A mass m attached to a spring of spring constant `k` is stretched a distance `x_0` from its equilibrium position and released with no initial velocity. The maximum speed attained by mass in its subsequent motion and the time at which this speed would be attained are, respectively.

To solve the problem, we need to find the maximum speed attained by a mass \( m \) attached to a spring with spring constant \( k \) when it is stretched a distance \( x_0 \) from its equilibrium position and released with no initial velocity.

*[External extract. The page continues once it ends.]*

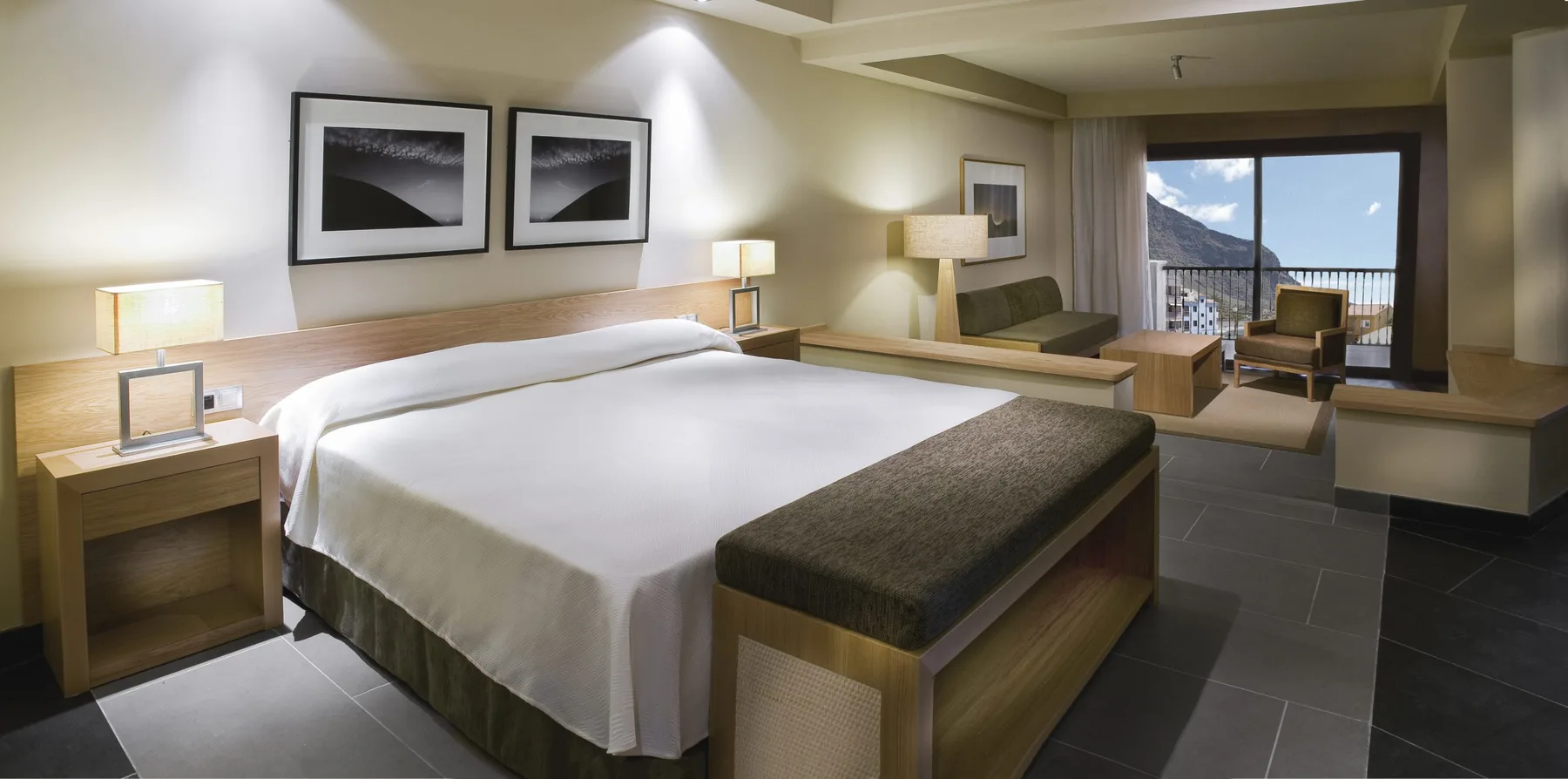 Junior Suite with side sea view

We also need to determine the time at which this maximum speed is attained. ### Step-by-Step Solution: **Step 1: Determine the potential energy at the maximum displacement.** - When the mass is stretched to \( x_0 \), the potential energy stored in the spring is given by: \[ PE = \frac{1}{2} k x_0^2 \] **Hint for Step 1:** Remember that potential energy in a spring is calculated using the formula \( \frac{1}{2} k x^2 \). --- **Step 2: Relate potential energy to kinetic energy at the mean position.** - As the mass moves towards the mean position, all the potential energy converts into kinetic energy at the mean position (where the speed is maximum): \[ KE = \frac{1}{2} m v_{max}^2 \] - Setting the potential energy equal to the kinetic energy: \[ \frac{1}{2} k x_0^2 = \frac{1}{2} m v_{max}^2 \] **Hint for Step 2:** Use the principle of conservation of energy, where potential energy converts to kinetic energy. --- **Step 3: Solve for maximum speed \( v_{max} \).** - Canceling \( \frac{1}{2} \) from both sides and rearranging gives: \[ k x_0^2 = m v_{max}^2 \] \[ v_{max}^2 = \frac{k}{m} x_0^2 \] - Taking the square root: \[ v_{max} = x_0 \sqrt{\frac{k}{m}} \] **Hint for Step 3:** When solving for \( v_{max} \), remember to take the square root of both sides. --- **Step 4: Determine the time at which maximum speed occurs.** - The time period \( T \) of the motion is given by: \[ T = 2\pi \sqrt{\frac{m}{k}} \] - The maximum speed occurs at a quarter of the time period, which is: \[ t = \frac{T}{4} = \frac{1}{4} \times 2\pi \sqrt{\frac{m}{k}} = \frac{\pi}{2} \sqrt{\frac{m}{k}} \] **Hint for Step 4:** Remember that the maximum speed occurs at \( \frac{1}{4} \) of the time period. --- ### Final Answers: - The maximum speed attained by the mass is: \[ v_{max} = x_0 \sqrt{\frac{k}{m}} \] - The time at which this speed is attained is: \[ t = \frac{\pi}{2} \sqrt{\frac{m}{k}} \]